My Students Get Inequalities

Jose VilsonResources5 Comments

I just started reading Linda Darling-Hammond’s The Flat World and Education (which should be called A Professorial Whoop-Ass on Equity) while doing laundry when I got to reflecting on my week. This week, most of my struggles came from trying to understand how my personal actions led to some of the triumphs and failures for my students. Things I felt were happening in some of my students’ lives created roadblocks to the journey of my understanding of them. These things were somewhere in the background, humming at me until others revealed it to me in pieces.

After a visit to my classroom, I asked my fellow teacher to give me feedback on the class. I knew I did well that week, and it showed based on the various tasks I gave to my students. After she gave me some commendations and recommendations, I simply nodded and appreciated the conversation I had with my set of 8th grade math teachers. Usually, our conversations sizzle with math pedagogy and cackles, but today, I decided to share a jewel with my colleagues as the math coach:

“I don’t want to get too deep, but, you know, after all these units, my students know and understand inequalities. They really understand what inequalities are. Now, they have a hard time with the word problems, but they’re pretty good at the other pieces.”


So when some of my students walk in late because they barely slept, because their parents didn’t care enough to give them a solid home, because they can’t see the line between being silly and being misbehaved, then they understand why they’re treated as they are. They see their culture both physically and mentally as deviant since the major society reinforces the majority culture as the one to follow instead of having enough self-confidence to not rely on the ethereal gifts of the present.

Because they can so readily make these type of comparisons, their lack of balance makes inequality a foregone conclusion. Thus, we use symbols that represent “greater than,” “less than,” and, for the more advanced, “not equal.”

Jose, who wants my students to do better with word problems …

Comments 5

  1. In so many instances I truly think our students do get it.

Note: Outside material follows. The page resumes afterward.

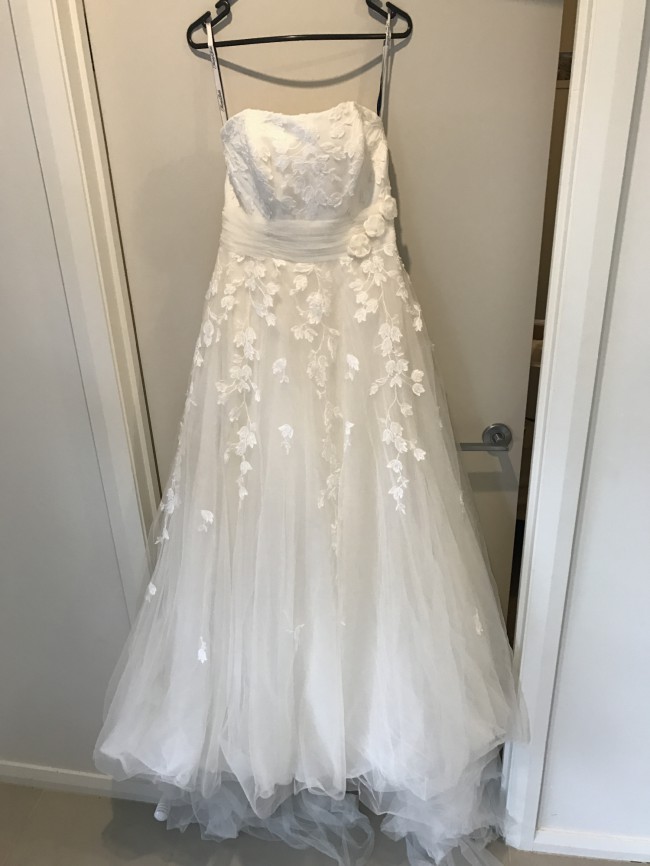 Henry Roth Harley Preloved Wedding Dress On Sale Stillwhite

While we talk about it sometimes we get it and then on other ocassions we actually GET IT. Today I had a discussion with our head counselor about the number of students that are hanging on with the idea of “If I can just get to school I will be OK.” and yet some of our faculty are unable to relate to that at all. One of the things I tell faulty when I get a chance to talk during inservice at the beginning of the year is simply “Always remember, you just might be the best thing in that child’s ife that day.” Most get it but some just don’t. Thanks for this, always a good reminder about who we actually serve.

    Also, sorry I wasn’t at Educon to meet you in person, but it didn’t take me long to find you and follow along.


  2. They get inequalities. They always have. I taught grades 7-12 in Harlem and Brooklyn, and from my experience, they were waiting for their teachers to look up from grading papers and understand the inequalities, and possibly do something about them.

  3. Post

    Paul and everyone else, thanks for following along in any case.

    Equality, Matt? Perfect. And furthermore, we’ll be good.

    David, I didn’t know about that federal commission. Tell me more.